*Work to be completed:* Once you have read the data below, print all of it exactly.

*Extracted records:*
----
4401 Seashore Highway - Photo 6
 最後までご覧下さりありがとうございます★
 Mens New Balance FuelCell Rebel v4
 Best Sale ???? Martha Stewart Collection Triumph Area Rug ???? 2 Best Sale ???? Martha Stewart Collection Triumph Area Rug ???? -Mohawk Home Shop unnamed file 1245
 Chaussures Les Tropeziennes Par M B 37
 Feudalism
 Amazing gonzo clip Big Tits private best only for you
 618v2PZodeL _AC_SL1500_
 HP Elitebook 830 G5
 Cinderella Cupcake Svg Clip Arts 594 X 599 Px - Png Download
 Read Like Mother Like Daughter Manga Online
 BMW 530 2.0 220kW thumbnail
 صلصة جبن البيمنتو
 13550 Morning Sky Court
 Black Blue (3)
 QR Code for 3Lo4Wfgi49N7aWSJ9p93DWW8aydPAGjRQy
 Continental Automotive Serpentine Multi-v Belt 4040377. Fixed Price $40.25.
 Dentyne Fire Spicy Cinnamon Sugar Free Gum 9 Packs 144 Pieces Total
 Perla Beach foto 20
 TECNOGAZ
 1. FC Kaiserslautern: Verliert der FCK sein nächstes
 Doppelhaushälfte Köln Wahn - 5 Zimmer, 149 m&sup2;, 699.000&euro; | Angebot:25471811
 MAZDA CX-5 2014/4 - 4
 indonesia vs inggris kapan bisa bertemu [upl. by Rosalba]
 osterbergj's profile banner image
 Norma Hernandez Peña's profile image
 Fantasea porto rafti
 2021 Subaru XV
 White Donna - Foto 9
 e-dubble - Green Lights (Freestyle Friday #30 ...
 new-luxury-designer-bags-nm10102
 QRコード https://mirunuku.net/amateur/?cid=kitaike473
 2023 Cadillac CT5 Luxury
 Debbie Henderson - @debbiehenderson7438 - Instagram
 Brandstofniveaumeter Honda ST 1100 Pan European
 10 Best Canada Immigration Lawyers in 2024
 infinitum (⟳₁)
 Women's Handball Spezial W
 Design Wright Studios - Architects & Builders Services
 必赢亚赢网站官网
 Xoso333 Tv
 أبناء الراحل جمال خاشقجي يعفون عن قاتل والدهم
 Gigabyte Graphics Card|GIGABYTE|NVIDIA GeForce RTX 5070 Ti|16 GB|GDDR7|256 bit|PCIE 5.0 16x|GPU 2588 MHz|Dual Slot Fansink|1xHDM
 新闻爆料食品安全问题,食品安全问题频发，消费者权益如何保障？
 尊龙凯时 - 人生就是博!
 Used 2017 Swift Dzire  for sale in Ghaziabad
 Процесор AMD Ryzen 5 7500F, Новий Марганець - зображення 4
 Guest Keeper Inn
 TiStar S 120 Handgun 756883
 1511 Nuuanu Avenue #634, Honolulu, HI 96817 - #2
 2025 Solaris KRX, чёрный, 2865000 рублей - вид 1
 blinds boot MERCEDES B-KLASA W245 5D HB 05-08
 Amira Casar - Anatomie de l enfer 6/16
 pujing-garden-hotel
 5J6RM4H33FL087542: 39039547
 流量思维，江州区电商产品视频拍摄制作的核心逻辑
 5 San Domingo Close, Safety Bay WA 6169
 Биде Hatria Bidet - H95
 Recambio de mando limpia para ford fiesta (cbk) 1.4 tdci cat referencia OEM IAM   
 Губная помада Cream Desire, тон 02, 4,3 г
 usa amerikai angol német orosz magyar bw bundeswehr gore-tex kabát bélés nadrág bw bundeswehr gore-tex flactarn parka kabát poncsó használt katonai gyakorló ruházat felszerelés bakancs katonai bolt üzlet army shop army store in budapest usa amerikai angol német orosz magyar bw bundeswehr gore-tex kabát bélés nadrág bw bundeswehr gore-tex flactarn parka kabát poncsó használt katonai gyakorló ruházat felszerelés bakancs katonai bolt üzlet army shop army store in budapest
----
*Finished exercise:*
4401 Seashore Highway - Photo 6
 最後までご覧下さりありがとうございます★
 Mens New Balance FuelCell Rebel v4
 Best Sale ???? Martha Stewart Collection Triumph Area Rug ???? 2 Best Sale ???? Martha Stewart Collection Triumph Area Rug ???? -Mohawk Home Shop unnamed file 1245
 Chaussures Les Tropeziennes Par M B 37
 Feudalism
 Amazing gonzo clip Big Tits private best only for you
 618v2PZodeL _AC_SL1500_
 HP Elitebook 830 G5
 Cinderella Cupcake Svg Clip Arts 594 X 599 Px - Png Download
 Read Like Mother Like Daughter Manga Online
 BMW 530 2.0 220kW thumbnail
 صلصة جبن البيمنتو
 13550 Morning Sky Court
 Black Blue (3)
 QR Code for 3Lo4Wfgi49N7aWSJ9p93DWW8aydPAGjRQy
 Continental Automotive Serpentine Multi-v Belt 4040377. Fixed Price $40.25.
 Dentyne Fire Spicy Cinnamon Sugar Free Gum 9 Packs 144 Pieces Total
 Perla Beach foto 20
 TECNOGAZ
 1. FC Kaiserslautern: Verliert der FCK sein nächstes
 Doppelhaushälfte Köln Wahn - 5 Zimmer, 149 m&sup2;, 699.000&euro; | Angebot:25471811
 MAZDA CX-5 2014/4 - 4
 indonesia vs inggris kapan bisa bertemu [upl. by Rosalba]
 osterbergj's profile banner image
 Norma Hernandez Peña's profile image
 Fantasea porto rafti
 2021 Subaru XV
 White Donna - Foto 9
 e-dubble - Green Lights (Freestyle Friday #30 ...
 new-luxury-designer-bags-nm10102
 QRコード https://mirunuku.net/amateur/?cid=kitaike473
 2023 Cadillac CT5 Luxury
 Debbie Henderson - @debbiehenderson7438 - Instagram
 Brandstofniveaumeter Honda ST 1100 Pan European
 10 Best Canada Immigration Lawyers in 2024
 infinitum (⟳₁)
 Women's Handball Spezial W
 Design Wright Studios - Architects & Builders Services
 必赢亚赢网站官网
 Xoso333 Tv
 أبناء الراحل جمال خاشقجي يعفون عن قاتل والدهم
 Gigabyte Graphics Card|GIGABYTE|NVIDIA GeForce RTX 5070 Ti|16 GB|GDDR7|256 bit|PCIE 5.0 16x|GPU 2588 MHz|Dual Slot Fansink|1xHDM
 新闻爆料食品安全问题,食品安全问题频发，消费者权益如何保障？
 尊龙凯时 - 人生就是博!
 Used 2017 Swift Dzire  for sale in Ghaziabad
 Процесор AMD Ryzen 5 7500F, Новий Марганець - зображення 4
 Guest Keeper Inn
 TiStar S 120 Handgun 756883
 1511 Nuuanu Avenue #634, Honolulu, HI 96817 - #2
 2025 Solaris KRX, чёрный, 2865000 рублей - вид 1
 blinds boot MERCEDES B-KLASA W245 5D HB 05-08
 Amira Casar - Anatomie de l enfer 6/16
 pujing-garden-hotel
 5J6RM4H33FL087542: 39039547
 流量思维，江州区电商产品视频拍摄制作的核心逻辑
 5 San Domingo Close, Safety Bay WA 6169
 Биде Hatria Bidet - H95
 Recambio de mando limpia para ford fiesta (cbk) 1.4 tdci cat referencia OEM IAM   
 Губная помада Cream Desire, тон 02, 4,3 г
 usa amerikai angol német orosz magyar bw bundeswehr gore-tex kabát bélés nadrág bw bundeswehr gore-tex flactarn parka kabát poncsó használt katonai gyakorló ruházat felszerelés bakancs katonai bolt üzlet army shop army store in budapest usa amerikai angol német orosz magyar bw bundeswehr gore-tex kabát bélés nadrág bw bundeswehr gore-tex flactarn parka kabát poncsó használt katonai gyakorló ruházat felszerelés bakancs katonai bolt üzlet army shop army store in budapest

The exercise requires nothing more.